MeQuieroIr.com is a website focusing on emigration services for Spanish-speaking individuals. The site provides free information in Spanish about immigration requirements and how to start life in Europe, North America and Oceania and focuses on work-study opportunities.

== History ==
After working as a public affairs worker for PDVSA between 1994 and 2001, Esther Bermudez, emigrated to Montreal, Canada and created MeQuieroIr.com as a private project that was developed based on research, analysis and interpretation of various sources of knowledge.

Following the 2006 Venezuelan presidential elections and the re-election of Chávez, visits to emigration websites by Venezuelans dramatically increased, with visits to MeQuieroIr.com increasing from 20,000 users in December 2006 to 30,000 users in January 2007. After another re-election of Chávez following the 2012 Venezuelan presidential election, website visits to MeQuieroIr.com tripled to 180,000.

In January 2014, MeQuieroIr.com reported record website traffic, double of what they usually experienced.
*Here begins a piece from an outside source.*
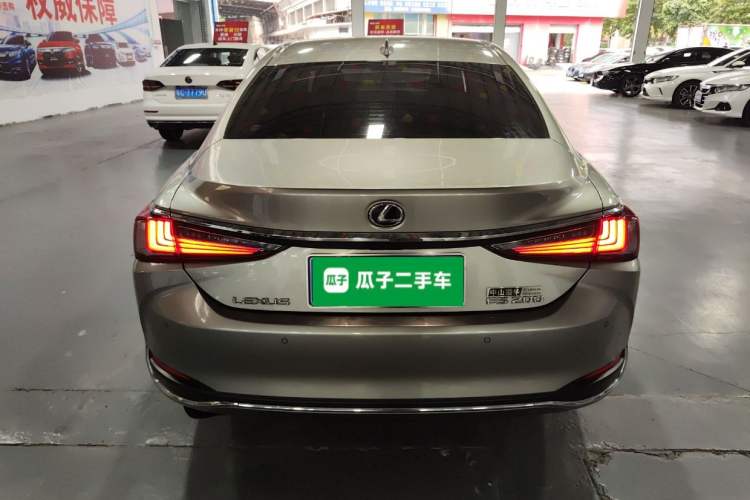 Used Lexus ES 2024 200 Premium Edition Rear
Months later in September and October 2014, website visits were 180,000 and 200,000, much higher than the monthly average of 60,000 between 2010 and 2014, with director Esther Bermudez stating that the page views were "the highest and most prolonged traffic spike we have experienced since we launched in 2001".

== Demographics ==
Users of MeQuieroIr.com are primarily from Venezuela, Colombia, Argentina, Peru, Mexico and Spain. The majority of the website's visitors are from Venezuela (64.2%), followed by Chile, Argentina, Mexico and Spain. The main users of the site are between ages 21 and 45 and are middle-class professionals.

The service's popularity has grown very quickly in Venezuela, due to the large number of people hoping to escape the problems in that country.